About midnight on Friday April 23rd the 13th Bn. having refused the left flank of their original alignment on the Poelcappelle Road. The three companies of the 14th Bn. joined them in the new alignment & dug themselves in with the 13th Bn.” [1]

* Note: These numerous alpha numeric references appearing in this and succeeding reports are the reference coordinates for positions on the Battalion’s operations maps.

23 April 15_A

The Battalion history adds this comment: “On April 23rd Lieut. G.W. Stairs, who had behaved most gallantly, was killed, together with many of the rank and file. All that day and all that night Capt. Brotherhood commanded the remnant of the company, encouraging the men by force of personal example to bear with courage the shelling and machine gun fire which harassed them sorely, the more so as, owing to shortage of ammunition, supporting fire was conspicuous chiefly by its absence.” [3]

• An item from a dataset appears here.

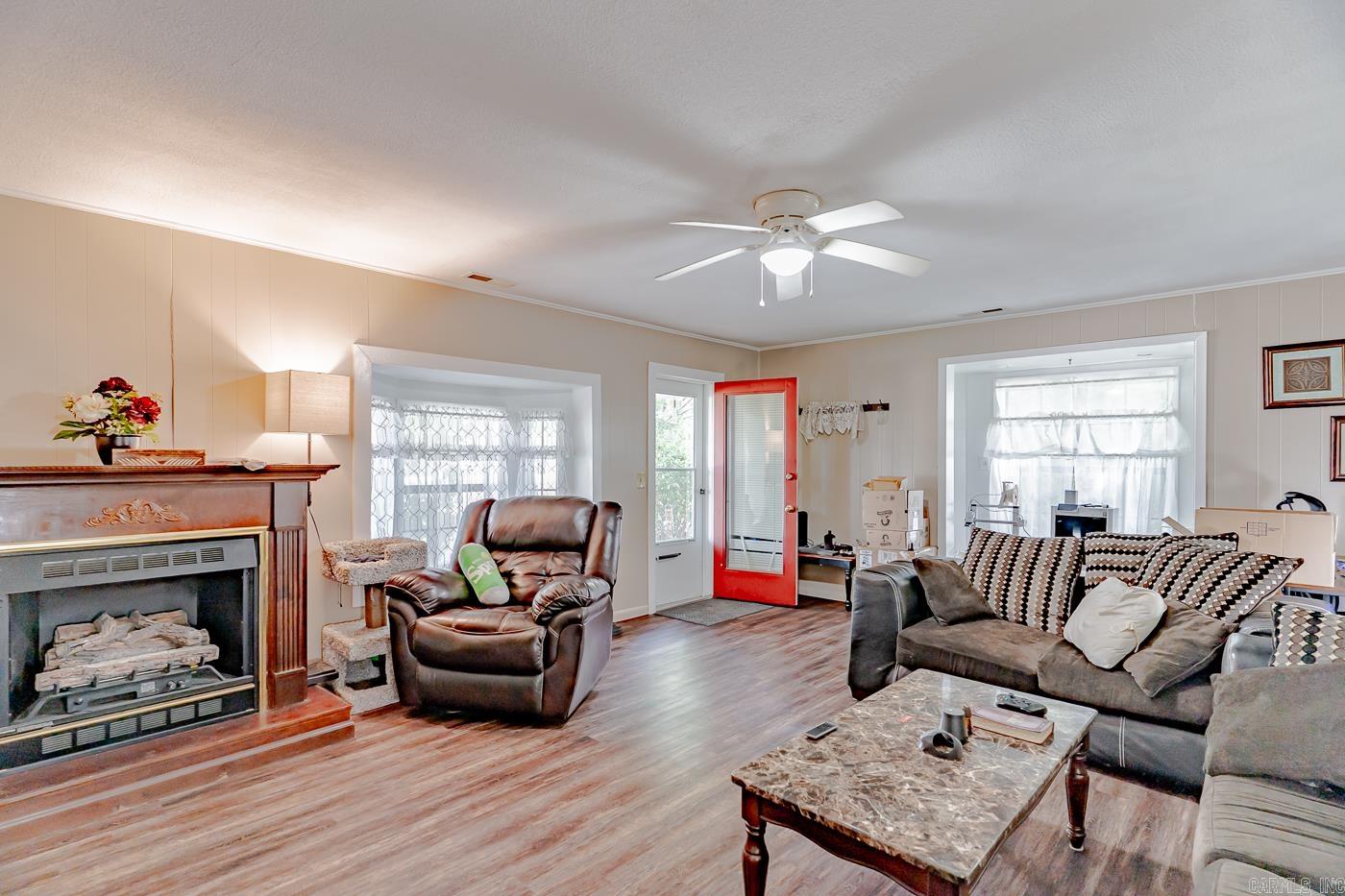 SPRINGERS ADD - Residential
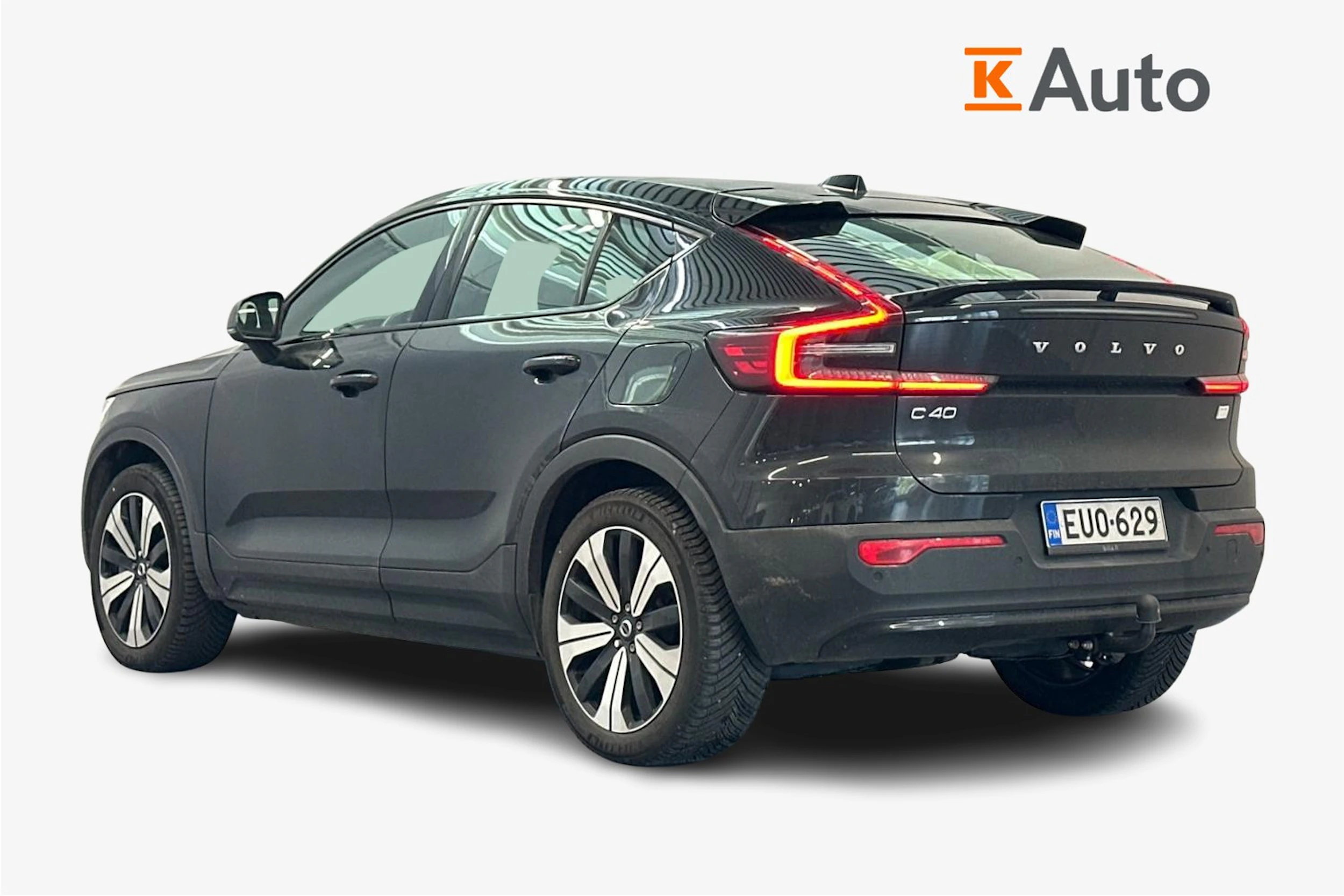 musta Volvo C40 2023 kuva 2.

[Col.] “Loomis* detailed a party of 60 men, [led by Lieut. G.W. Stairs of the 14th Bn.] which included a machine gun crew headed by 19 year old Fred Fisher, to assist King.** Fisher needed help with the machine gun. Private F. Palin (14th Battalion),*** whose company formed part of the St. Julien garrison, remarked in hindsight: ‘We were out in the sun doing a bit of cleaning up, and the first thing we knew we got a ‘Stand-to’ and I remember one Lance-Corporal Fred Fisher of the 13th Battalion, he came down looking for eight volunteers to carry up a machine gun, so eight of us stepped out.’ Just barely out of a public school in Toronto, but showing the skill of a veteran, Fisher led his crew forward under heavy fire and set up his Colt gun in an isolated building, which enjoyed a commanding view of the enemy. In the fading light, the Germans attacked again and again, only to be driven back each time. Members of his crew went down, but Fisher kept working the gun, ripping and spraying the enemy’s ranks. He contributed in no small measure to checking the German advance and providing cover for King to withdraw his guns. Attached to teams of horses, King instructed his drivers to forge ‘ahead any way you can get out.’ The guns made it back to St. Julien. For his skill and daring, Fisher was awarded the Victoria Cross, the first Canadian soldier in the Great War to receive the honour. He was given the medal posthumously for, regrettably, he was killed in action the next day.” [4]

Notes:
* Lt.-Col. Frederick Loomis, Commanding Officer, 13th Battalion
** Major William B. M. King, 10th Field Battery, C.F.A.
*** Pte. Francis J. Palin, #25754 of the 14th Battalion.

[1]   Operation-Report  of May 6th, 1915;  War Diary, 14th Canadian Battalion, The Royal Montreal Regiment, Library and Archives Canada, Ottawa, http://data2.collectionscanada.ca/e/e044/e001089723.jpg
[2]  Col. G.W.L. Nicholson, CD., Official History of the Canadian Army in the First World War: Canadian Expeditionary Force 1914-1919, Duhamel, Queens Printer, Ottawa, 1962, pg. 65.
[3]   R.C. Featherstonhaugh, The Royal Montreal Regiment 14th Battalion C.E.F. 1914-1925, Montreal, The Gazette, Printing Co., Ltd., 1927, pg. 39.
[4]   George H. Cassar, “Hell in Flanders – Canadians at the Second Battle of Ypres,” Toronto, Dundurn Press, 2010, pp. 117-118. http://books.google.ca/books?id=m7p4L0fVRBAC&q=
[5]   Col. G.W.L. Nicholson, CD., Official History of the Canadian Army in the First World War: Canadian Expeditionary Force 1914-1919, Duhamel, Queens Printer, Ottawa, 1962, pg. 69.